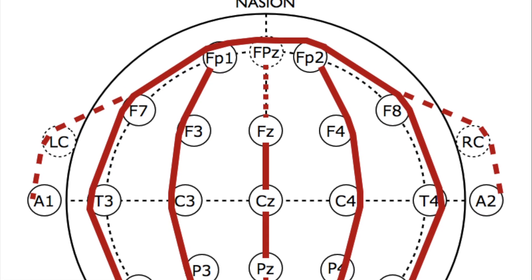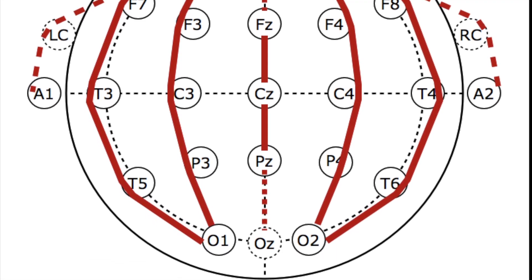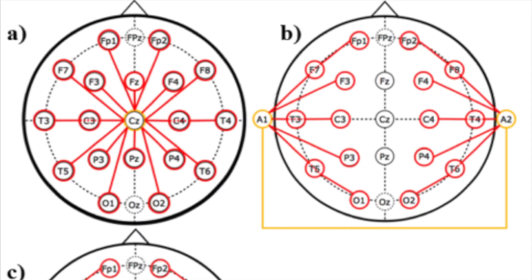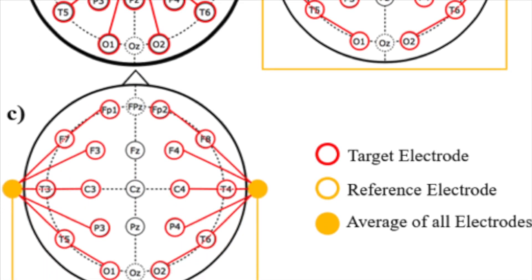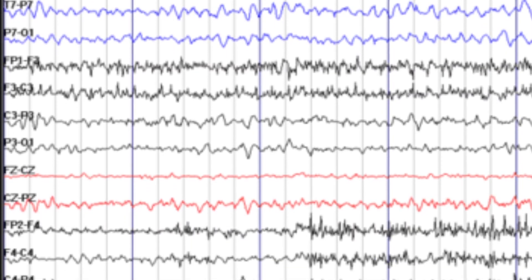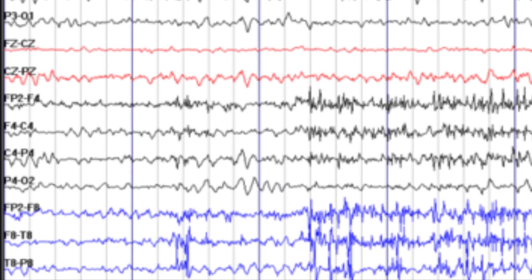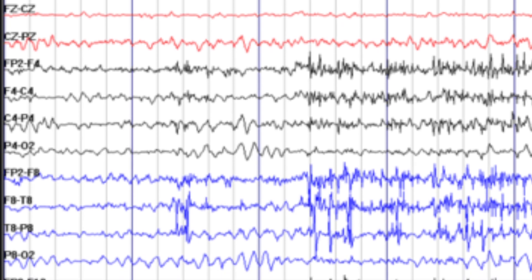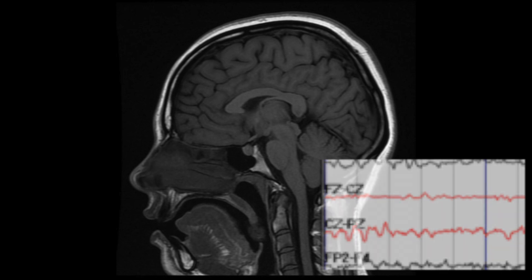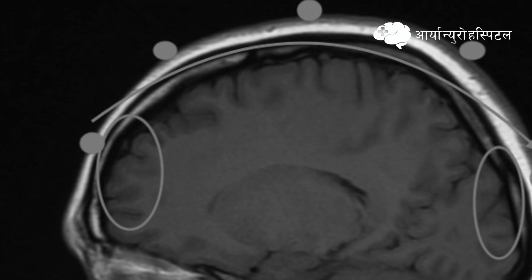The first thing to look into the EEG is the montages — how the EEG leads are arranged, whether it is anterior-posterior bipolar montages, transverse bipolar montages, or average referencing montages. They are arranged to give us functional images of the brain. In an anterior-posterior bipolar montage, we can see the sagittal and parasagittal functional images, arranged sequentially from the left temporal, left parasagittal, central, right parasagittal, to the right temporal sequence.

==

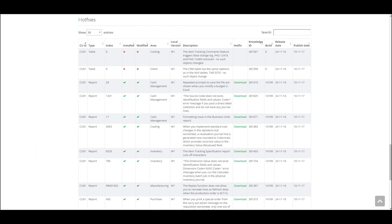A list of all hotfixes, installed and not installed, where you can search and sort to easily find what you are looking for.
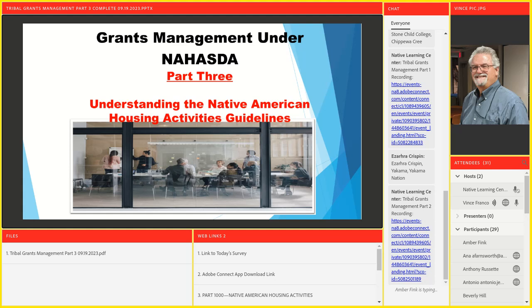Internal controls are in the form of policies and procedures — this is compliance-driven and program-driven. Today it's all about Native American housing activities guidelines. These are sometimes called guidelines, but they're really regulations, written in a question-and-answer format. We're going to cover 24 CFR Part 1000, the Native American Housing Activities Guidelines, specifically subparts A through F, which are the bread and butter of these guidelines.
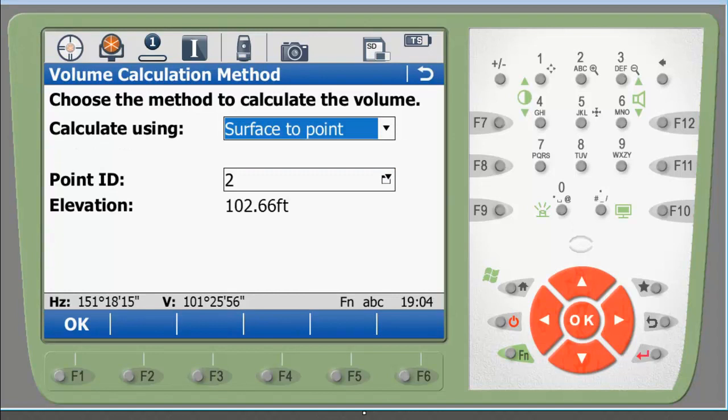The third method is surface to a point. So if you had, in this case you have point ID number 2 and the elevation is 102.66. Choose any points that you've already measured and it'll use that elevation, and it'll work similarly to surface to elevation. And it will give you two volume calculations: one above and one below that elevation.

### What you should do
Your reply should hold nothing but the lines above, from the one containing "A list of all" to the one containing "The third method", reproduced exactly minus the pictures.

### The answer
A list of all hotfixes, installed and not installed, where you can search and sort to easily find what you are looking for.
Internal controls are in the form of policies and procedures — this is compliance-driven and program-driven. Today it's all about Native American housing activities guidelines. These are sometimes called guidelines, but they're really regulations, written in a question-and-answer format. We're going to cover 24 CFR Part 1000, the Native American Housing Activities Guidelines, specifically subparts A through F, which are the bread and butter of these guidelines.
The third method is surface to a point. So if you had, in this case you have point ID number 2 and the elevation is 102.66. Choose any points that you've already measured and it'll use that elevation, and it'll work similarly to surface to elevation. And it will give you two volume calculations: one above and one below that elevation.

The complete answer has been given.